In that vein, Deana mentioned that Dean and Elvis had 22 songs in common. Wow! That's many more than I could name. What are those titles?
The following day on the same channel, the dee jay was talking about "Blueberry Hill," and he said "it was written and originally recorded by Fats Domino."
I believe he was wrong on both counts, but what say you?
Loretta Wingfield, Phoenix
DEAR LORETTA: Deana was right and so are you.
One thing that jumped out at me about the 22 songs that Dean and Elvis both sang is that none of them are originals by either man, even though they may be far more associated with them than singers of earlier versions.
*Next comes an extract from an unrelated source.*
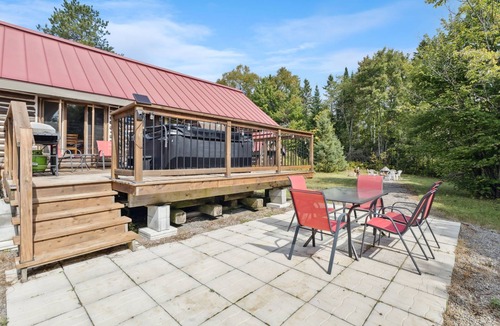 Ste-Lucie-des-Laurentides Ski Chalet | 🌲Chalet Spa & Sauna Getaway in Luarentide– Sainte-Lucie 🌲 Val-David, Val-Morin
"Blue Christmas" is a perfect example. No one is more connected to this holiday classic than Presley, and his 1957 release. Yet the first chart hit was in 1949 by Ernest Tubb (Decca 46186). The very first recording, however, was one year earlier, by Doye O'Dell (Exclusive 65).
Alphabetically, here are the titles Deana referenced, but did not have time to individually identify during the interview:
"Blue Christmas"; "Blue Moon"; "Crying Time"; "For the Good Times"; "Gentle on My Mind"; "I Don't Care if the Sun Don't Shine"; "I'll Be Home for Christmas"; "It Keeps Right on A-Hurtin'"; "Make the World Go Away"; "My Heart Cries for You"; "Release Me"; "Santa Lucia" (Elvis sings this completely in Italian but Dean does the first half in English); "Silent Night" "Silver Bells"; "Take Good Care of Her"; "Take Me in Your Arms (Torna a Surriento)" (a.k.a. "Surrender"); "There's No Tomorrow (O Solo Mio)" (a.k.a. "It's Now Or Never"); "True Love"; "Welcome to My World"; "White Christmas"; "Winter Wonderland"; and "Write to Me from Naples."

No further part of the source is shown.